◆ **Work instructions**
Reproduce the whole listing exactly, omitting any picture it holds.

◆ **Data shown**
[Start of section]

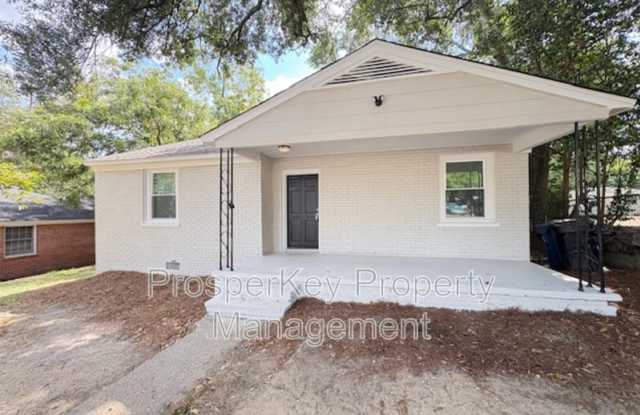 3640 Walton St photos photos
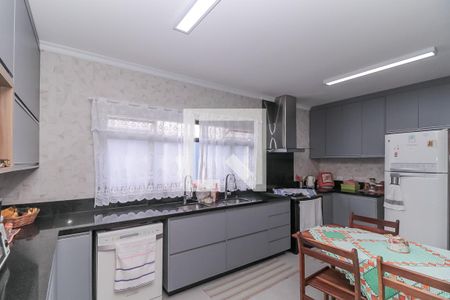 Casa à venda com 256m², 3 quartos e 2 vagasCozinha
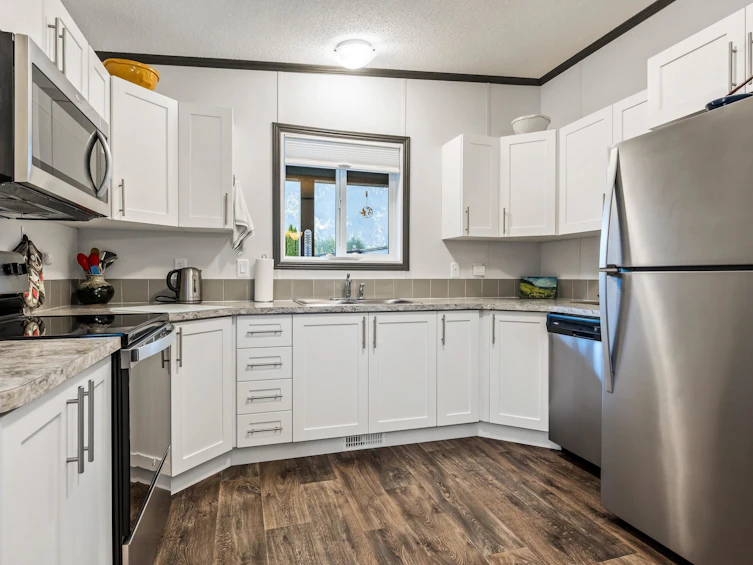18-63071 Flood Hope Road, Hope, BC, V0X 1L2 - 11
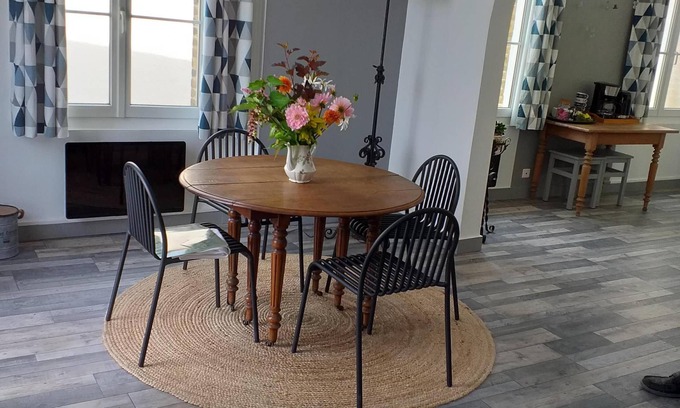 Dieppe House | Apartment "le Bosco" sunny view of the marina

[End of section]

◆ **Exercise answer**
 3640 Walton St photos photos
 Casa à venda com 256m², 3 quartos e 2 vagasCozinha
18-63071 Flood Hope Road, Hope, BC, V0X 1L2 - 11
 Dieppe House | Apartment "le Bosco" sunny view of the marina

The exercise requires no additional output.